(Short descriptive text snippets)
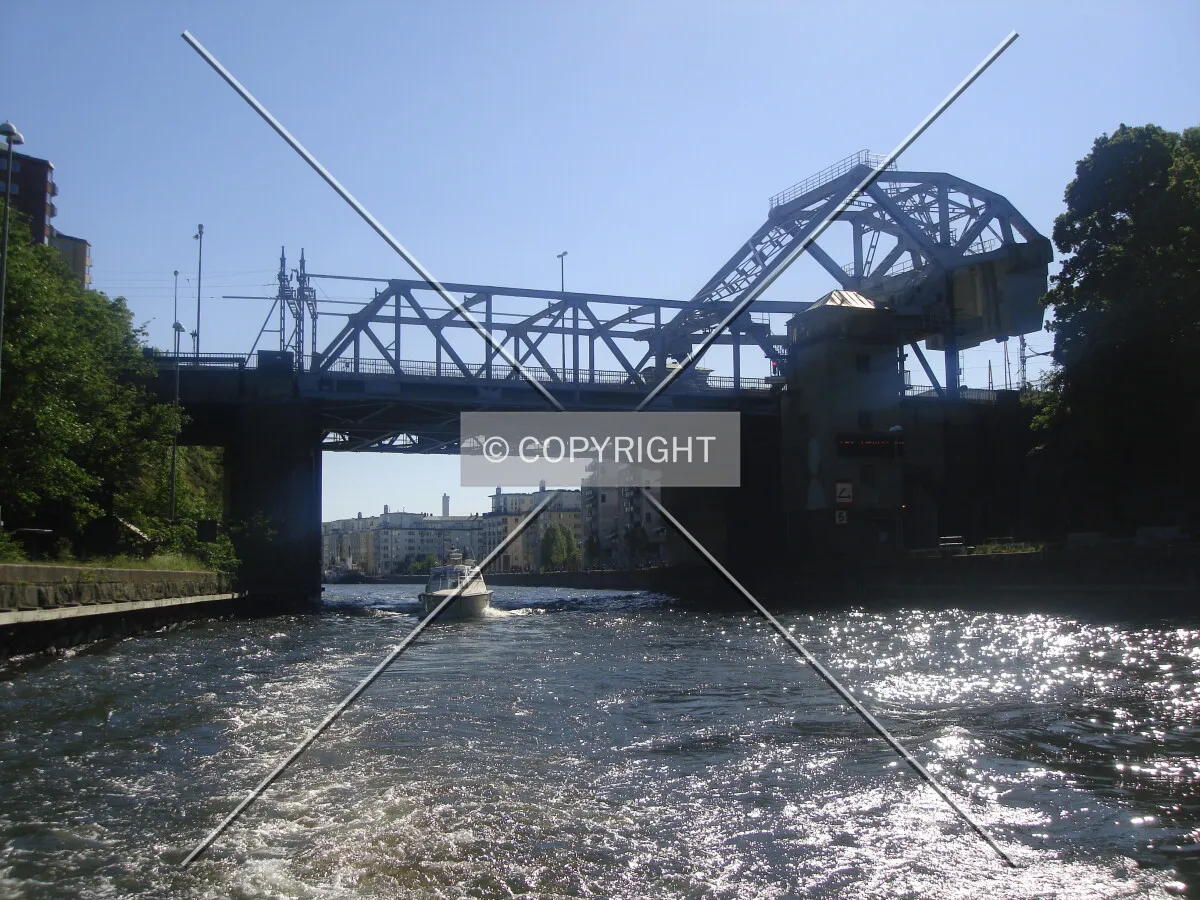 Photo 111-689-775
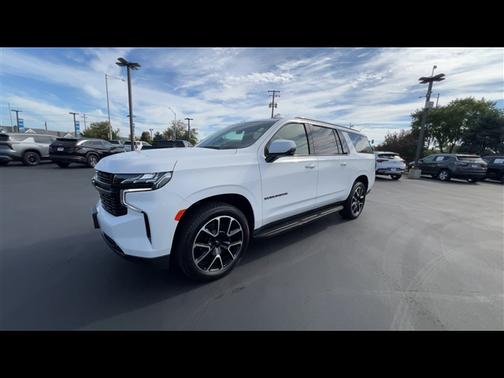 2023 Chevrolet Suburban RST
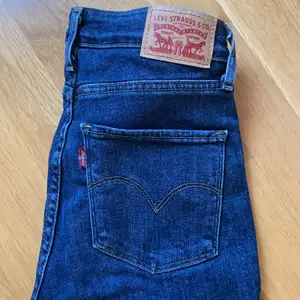Riktigt sköna mörkblåa jeans från Levis👖 Dom är i riktigt bra skick då dom bara är använda fåtal gånger, säljer dom pga att dom inte kommer till användning, köpta för 999 kr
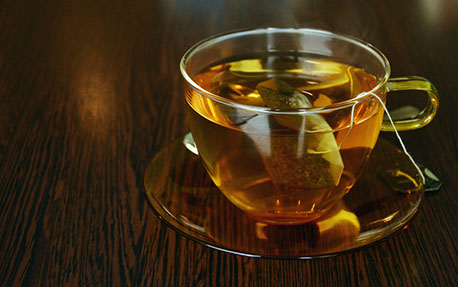 Tasse mit grünem Tee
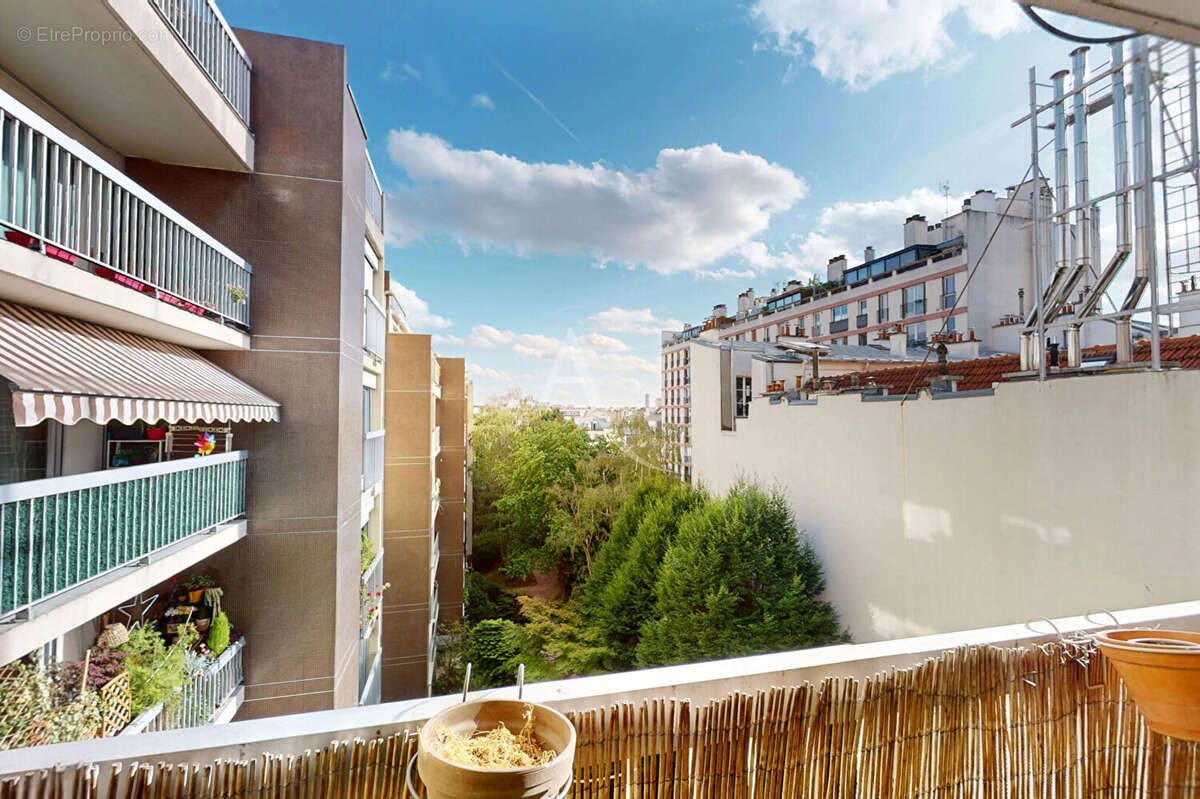 Appartement à PARIS-10E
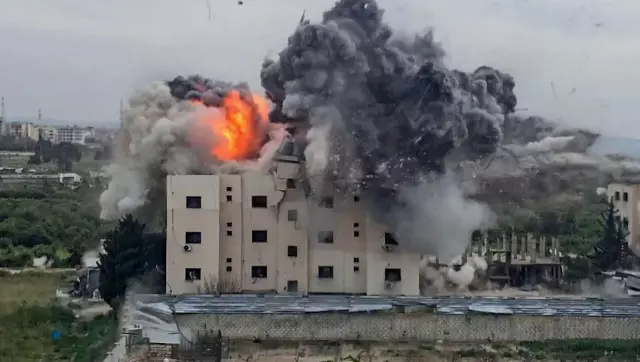 İsrail tankları Lübnan topraklarında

Problem requirements –
In the copy, include every entry above exactly and leave out each picture.

Written answer –
 Photo 111-689-775
 2023 Chevrolet Suburban RST
Riktigt sköna mörkblåa jeans från Levis👖 Dom är i riktigt bra skick då dom bara är använda fåtal gånger, säljer dom pga att dom inte kommer till användning, köpta för 999 kr
 Tasse mit grünem Tee
 Appartement à PARIS-10E
 İsrail tankları Lübnan topraklarında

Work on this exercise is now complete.